Table 3: Ablation of different pre-training objectives on C4 corpus

We compare the effects of different pretraining objectives in Table 3. The generation targets are usually paragraph-length for QMSum, while Qasper expects the model to predict spans or single sentences most of the time. All the models are pretrained for $100k$ updates on the C4 corpus. To investigate the effect of pretraining sequence length, we compare the $16k$ model with a model pretrained with $8k$ sequence length. We double the batch size for the $8k$ length pretraining such that the input tokens in each batch stays the same. We also increase the masking ratio for the $8k$ model to $1/8$ so that the decoding sequence length remains 1,024. Note that under this setting, pretraining with $8k$ -length batches is a bit slower compared to the $16k$ batches due to the decoder-side self-attention.

Pretraining with longer sequences is useful.

While a prior work (Guo et al., 2022) pretrains their model with sequences shorter than downstream tasks, we find it is generally better to directly pretrain with longer sequences. In terms of convergence rate, we find pretraining with 8k and 16k sequences are similar (the loss curves can be found in Appendix A). For downstream results, we find that training with longer sequences lengths is indeed helpful for low-resource datasets — QMSum and Qasper are both small with a few thousand examples (T5 avg span_len 5 - 8k vs T5 avg span_len 5 - 16k). We also find using a range of short spans (mixed span_len) tends to give more gains on QA tasks.

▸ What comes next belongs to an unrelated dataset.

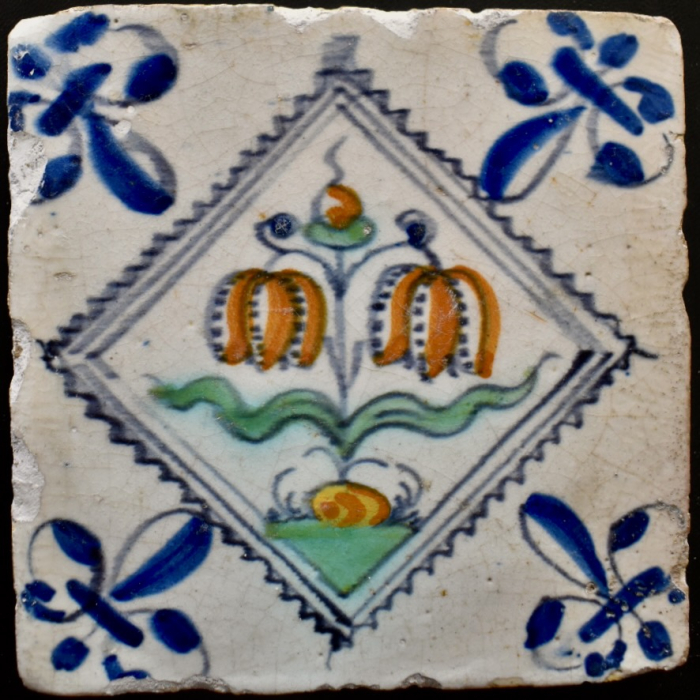 Antieke Nederlandse 17e Eeuwse Polychrome Delft Tegel Kievietsbloemen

Alternative objectives works similar as random masking.

While the Pegasus objective is effective for summarization, we do not find it to be consistently better than T5 denoising. It also incurs more data processing costs compared to T5’s random masking. We also find that model-based denoising fails to yield better performance than random denoising, even though it introduces a harder pretraining task, i.e., larger training losses. We conjecture that, while this objective might provide more training signals that are related to long-range dependencies, it can also introduce noisy supervision, which is harmful for the model to learn a wide range of language understanding skills.

3.5 Main Results

Model	# Param	GovReport			BookSum			ArXiv			PubMed
Model	# Param	R-1	R-2	R-L	R-1	R-2	R-L	R-1	R-2	R-L	R-1	R-2	R-L
BigBird	580M	-	-	-	31.8	6.5	14.2	46.6	19.0	41.8	46.3	20.7	42.3
LED	460M	59.4	26.5	56.6	32.8	7.5	14.6	46.6	19.6	41.8	47.0	20.2	42.9
PageSum	440M	59.9	27.2	57.1	-	-	-	49.7	21.1	44.7	48.2	21.1	44.3
BART-Hepos	440M	56.9	22.6	53.8	-	-	-	48.2	20.3	41.8	48.1	21.1	42.7
DYLE	525M	61.0	28.8	57.8	-	-	-	46.4	18.0	41.5	-	-	-
LongT5-large	750M	-	-	-	-	-	-	48.3	21.6	44.1	50.0	24.7	46.5
LongT5-xl	3B	-	-	-	-	-	-	48.4	21.9	44.3	50.2	24.8	46.7
Top-down (AvgP)	460M	-	-	-	37.9	9.1	18.0	48.7	20.7	43.9	48.3	21.4	44.2
Top-down (AdaP)	660M^∗	-	-	-	38.3	9.2	18.1	51.0	21.9	45.6	51.1	23.3	46.5
BART-LS	440M	62.0	30.9	59.2	38.5	10.3	36.4^†	50.2	22.1	45.4	50.3	24.3	46.3

Table 4: Results on long-document summarization. Pipelined approaches are highlighted in gray. LED’s results on GovReport are taken from PageSum (Liu et al., 2022). ^∗: The AdaPool version of the Top-Down model requires an additional encoder model to predict the weights in its pooling layers. ^†: The baseline R-L scores on BookSum-Chapters are taken from Pang et al. (2022a) and may not be directly comparable due to different ROUGE scripts.

Best Model Configuration.

Following the analysis of base-size models, we pretrain a large-size model with the best configuration, which consists of (a) block attention and pooling layer augmentations applied to the vanilla Transformer architecture, (b) long-sequence training data batches formed by randomly concatenating the documents from C4 corpus, and (c) T5 denoising loss with a mix of short and long spans as the training loss. We pretrain the model for 100K steps. Our model is denoted as “BART-LS" in the following sections.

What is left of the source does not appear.